GGrantIndex
← Search

Doctoral Dissertation Research: Social Networks and Organized Crime

$7,293FY2013SBENSF

University Of Massachusetts Amherst, Amherst MA

Investigators

Abstract

SES-1302778 Donald Tomaskovic-Devey Chris Smith University of Massachusetts Amherst This dissertation improvement research continues to build a unique relational database on early 1900s Chicago organized crime. To date, over 4,000 pages of archival documents and secondary sources have been coded for information on more than 2,800 individuals and their nearly 14,000 social ties. This dissertation asks: How did relationships between men and women contribute to the structures, activities, and dynamics of organized crime groups in early 1900s Chicago? Social network methods focus this research agenda on three substantive and testable questions: (1) What were women's roles in organized crime networks? (2) Were women structurally important to organized crime networks? (3) Were there locations of equality for men and women in illicit networks? Answers to these questions have the potential to change theory by adding gender and family to social network scholarship and revealing locations of gender equality in illicit organizations during a historical moment when formal organizations were severely gender segregated.

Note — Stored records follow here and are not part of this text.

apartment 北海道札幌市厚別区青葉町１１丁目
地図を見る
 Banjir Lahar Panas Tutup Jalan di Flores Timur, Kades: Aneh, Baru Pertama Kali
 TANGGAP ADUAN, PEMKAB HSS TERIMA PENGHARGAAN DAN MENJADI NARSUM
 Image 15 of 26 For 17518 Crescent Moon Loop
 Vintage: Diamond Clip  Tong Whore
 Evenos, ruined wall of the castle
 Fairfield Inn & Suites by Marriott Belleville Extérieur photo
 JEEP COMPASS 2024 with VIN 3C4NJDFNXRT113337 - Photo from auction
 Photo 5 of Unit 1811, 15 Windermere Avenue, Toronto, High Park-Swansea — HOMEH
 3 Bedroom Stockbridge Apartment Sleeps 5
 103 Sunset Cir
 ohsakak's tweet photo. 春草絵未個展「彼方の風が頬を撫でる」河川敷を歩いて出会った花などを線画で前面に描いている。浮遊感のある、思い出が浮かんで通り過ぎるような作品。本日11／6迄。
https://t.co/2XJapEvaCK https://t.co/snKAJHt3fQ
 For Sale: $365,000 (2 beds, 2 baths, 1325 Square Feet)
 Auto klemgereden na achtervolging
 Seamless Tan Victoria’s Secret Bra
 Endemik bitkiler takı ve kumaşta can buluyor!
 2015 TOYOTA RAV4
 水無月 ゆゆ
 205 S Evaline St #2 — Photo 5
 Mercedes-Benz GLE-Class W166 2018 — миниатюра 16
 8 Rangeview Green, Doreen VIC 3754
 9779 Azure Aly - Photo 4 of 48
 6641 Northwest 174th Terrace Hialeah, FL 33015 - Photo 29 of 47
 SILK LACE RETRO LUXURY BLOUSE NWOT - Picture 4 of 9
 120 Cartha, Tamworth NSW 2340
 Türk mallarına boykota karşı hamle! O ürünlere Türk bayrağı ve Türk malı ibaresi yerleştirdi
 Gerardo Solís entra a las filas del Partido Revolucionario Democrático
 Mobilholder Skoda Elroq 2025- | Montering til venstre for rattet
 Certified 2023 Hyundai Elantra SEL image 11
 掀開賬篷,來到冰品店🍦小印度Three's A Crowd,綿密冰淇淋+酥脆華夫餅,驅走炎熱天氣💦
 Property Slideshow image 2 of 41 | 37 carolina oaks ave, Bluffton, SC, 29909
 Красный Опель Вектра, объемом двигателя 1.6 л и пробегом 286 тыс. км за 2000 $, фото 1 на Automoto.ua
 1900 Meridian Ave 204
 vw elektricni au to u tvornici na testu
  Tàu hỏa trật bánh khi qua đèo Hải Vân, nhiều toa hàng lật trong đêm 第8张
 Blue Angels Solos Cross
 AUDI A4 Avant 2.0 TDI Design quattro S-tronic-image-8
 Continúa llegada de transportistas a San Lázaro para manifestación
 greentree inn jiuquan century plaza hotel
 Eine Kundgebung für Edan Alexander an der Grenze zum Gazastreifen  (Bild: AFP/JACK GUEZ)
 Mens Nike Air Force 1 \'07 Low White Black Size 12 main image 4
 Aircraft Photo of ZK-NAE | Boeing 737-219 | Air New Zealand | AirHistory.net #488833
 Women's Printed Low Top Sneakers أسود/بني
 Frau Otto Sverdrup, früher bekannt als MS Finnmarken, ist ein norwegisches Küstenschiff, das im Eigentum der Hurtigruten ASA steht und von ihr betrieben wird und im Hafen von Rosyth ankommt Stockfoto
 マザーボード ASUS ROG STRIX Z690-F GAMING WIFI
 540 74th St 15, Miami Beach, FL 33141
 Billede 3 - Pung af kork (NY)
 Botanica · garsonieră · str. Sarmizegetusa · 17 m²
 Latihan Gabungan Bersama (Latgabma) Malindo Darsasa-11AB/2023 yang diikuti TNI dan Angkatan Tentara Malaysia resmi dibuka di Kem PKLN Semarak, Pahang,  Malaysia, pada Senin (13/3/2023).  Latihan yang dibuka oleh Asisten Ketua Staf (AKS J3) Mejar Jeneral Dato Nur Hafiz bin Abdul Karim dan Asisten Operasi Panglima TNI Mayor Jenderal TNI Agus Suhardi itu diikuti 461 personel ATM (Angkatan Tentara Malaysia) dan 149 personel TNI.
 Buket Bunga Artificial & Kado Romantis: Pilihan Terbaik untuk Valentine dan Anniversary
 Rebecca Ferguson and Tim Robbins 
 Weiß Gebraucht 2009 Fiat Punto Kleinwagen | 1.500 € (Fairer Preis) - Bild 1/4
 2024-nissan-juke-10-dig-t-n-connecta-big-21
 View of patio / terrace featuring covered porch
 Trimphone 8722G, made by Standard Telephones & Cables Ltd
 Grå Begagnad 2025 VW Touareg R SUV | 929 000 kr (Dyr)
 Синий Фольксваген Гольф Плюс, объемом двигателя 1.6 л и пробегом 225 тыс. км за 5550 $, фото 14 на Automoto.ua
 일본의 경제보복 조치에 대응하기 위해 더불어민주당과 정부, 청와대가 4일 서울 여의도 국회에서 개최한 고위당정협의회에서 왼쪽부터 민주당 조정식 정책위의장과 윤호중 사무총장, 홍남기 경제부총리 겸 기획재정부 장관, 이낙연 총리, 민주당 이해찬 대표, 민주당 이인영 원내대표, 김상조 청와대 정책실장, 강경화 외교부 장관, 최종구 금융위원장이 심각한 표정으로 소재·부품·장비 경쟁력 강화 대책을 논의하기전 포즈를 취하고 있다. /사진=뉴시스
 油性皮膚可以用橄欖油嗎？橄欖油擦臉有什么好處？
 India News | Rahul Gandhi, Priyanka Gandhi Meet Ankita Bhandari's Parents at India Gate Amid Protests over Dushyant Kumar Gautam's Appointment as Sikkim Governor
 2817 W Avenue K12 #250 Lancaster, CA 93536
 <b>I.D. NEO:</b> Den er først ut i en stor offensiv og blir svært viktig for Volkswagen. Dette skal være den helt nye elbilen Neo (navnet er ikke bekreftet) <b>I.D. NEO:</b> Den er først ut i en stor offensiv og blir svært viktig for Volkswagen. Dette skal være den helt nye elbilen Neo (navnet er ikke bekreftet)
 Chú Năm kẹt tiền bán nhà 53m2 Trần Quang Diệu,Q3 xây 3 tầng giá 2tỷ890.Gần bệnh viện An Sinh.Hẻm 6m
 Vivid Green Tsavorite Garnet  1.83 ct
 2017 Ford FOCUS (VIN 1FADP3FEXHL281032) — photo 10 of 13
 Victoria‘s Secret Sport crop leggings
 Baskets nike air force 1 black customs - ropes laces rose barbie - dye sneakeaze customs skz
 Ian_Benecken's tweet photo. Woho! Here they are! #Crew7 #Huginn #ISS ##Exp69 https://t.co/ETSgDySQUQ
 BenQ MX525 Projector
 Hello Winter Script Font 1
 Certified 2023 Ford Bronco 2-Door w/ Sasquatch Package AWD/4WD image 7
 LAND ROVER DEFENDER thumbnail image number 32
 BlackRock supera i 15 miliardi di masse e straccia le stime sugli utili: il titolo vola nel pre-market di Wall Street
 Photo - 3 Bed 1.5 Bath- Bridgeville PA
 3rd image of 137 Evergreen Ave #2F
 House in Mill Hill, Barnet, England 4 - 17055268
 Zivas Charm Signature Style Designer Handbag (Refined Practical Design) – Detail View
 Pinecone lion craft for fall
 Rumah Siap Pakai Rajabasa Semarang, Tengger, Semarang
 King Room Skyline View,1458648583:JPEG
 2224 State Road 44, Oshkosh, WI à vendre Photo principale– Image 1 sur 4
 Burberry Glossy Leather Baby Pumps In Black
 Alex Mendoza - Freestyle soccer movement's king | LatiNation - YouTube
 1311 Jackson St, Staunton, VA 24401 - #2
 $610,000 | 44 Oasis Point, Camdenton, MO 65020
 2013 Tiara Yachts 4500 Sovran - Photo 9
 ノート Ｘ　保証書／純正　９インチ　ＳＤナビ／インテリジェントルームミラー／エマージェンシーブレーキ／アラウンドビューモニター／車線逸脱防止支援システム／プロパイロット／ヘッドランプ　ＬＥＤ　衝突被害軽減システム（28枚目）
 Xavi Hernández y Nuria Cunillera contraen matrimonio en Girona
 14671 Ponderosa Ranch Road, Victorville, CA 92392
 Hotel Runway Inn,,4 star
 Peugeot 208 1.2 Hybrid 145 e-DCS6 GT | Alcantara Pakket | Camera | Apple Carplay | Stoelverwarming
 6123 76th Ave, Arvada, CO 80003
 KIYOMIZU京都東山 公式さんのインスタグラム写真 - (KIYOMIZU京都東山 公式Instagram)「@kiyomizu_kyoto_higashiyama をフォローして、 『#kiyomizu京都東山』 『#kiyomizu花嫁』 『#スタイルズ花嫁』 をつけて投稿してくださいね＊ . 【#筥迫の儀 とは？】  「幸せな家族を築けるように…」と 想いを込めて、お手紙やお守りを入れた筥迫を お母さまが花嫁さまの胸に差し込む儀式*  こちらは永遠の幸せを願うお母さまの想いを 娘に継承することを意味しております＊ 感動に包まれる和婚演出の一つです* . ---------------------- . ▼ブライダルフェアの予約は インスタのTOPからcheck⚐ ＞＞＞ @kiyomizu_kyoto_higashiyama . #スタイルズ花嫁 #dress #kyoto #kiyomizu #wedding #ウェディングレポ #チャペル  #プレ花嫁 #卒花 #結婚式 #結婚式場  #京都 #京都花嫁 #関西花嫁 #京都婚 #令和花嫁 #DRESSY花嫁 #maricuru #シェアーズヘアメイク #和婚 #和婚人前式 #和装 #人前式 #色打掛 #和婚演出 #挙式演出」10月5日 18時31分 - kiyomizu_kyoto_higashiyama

This project uses a network analysis approach to examine women?s roles and positions in organized crime before, during, and after Prohibition in Chicago. Social network analysis offers theoretical and methodological tools to investigate organized crime groups as enmeshed systems of relationships between high profile criminals, but also family members, workers, and lesser-known individuals. At the boundaries of Chicago's early 1900s organized crime networks were configurations of wives, girlfriends, sisters, mothers, daughters, and female cousins and neighbors who contributed to organized crime's size, strength, structure, and durability. The broader impacts of this project are twofold. First, this project brings network science to the study of organized crime groups, which is a growing information gathering strategy for law enforcement. Applying network techniques to a historic topic of broad public interest "gangster era Chicago" improves our understanding of organized crime groups and provides relevant insights to public policy and law enforcement tactics. Second, this project continues the building efforts of a historic relational database on a topic of popular interest. Upon completion of analysis and publication, this database will be archived online and made publicly available.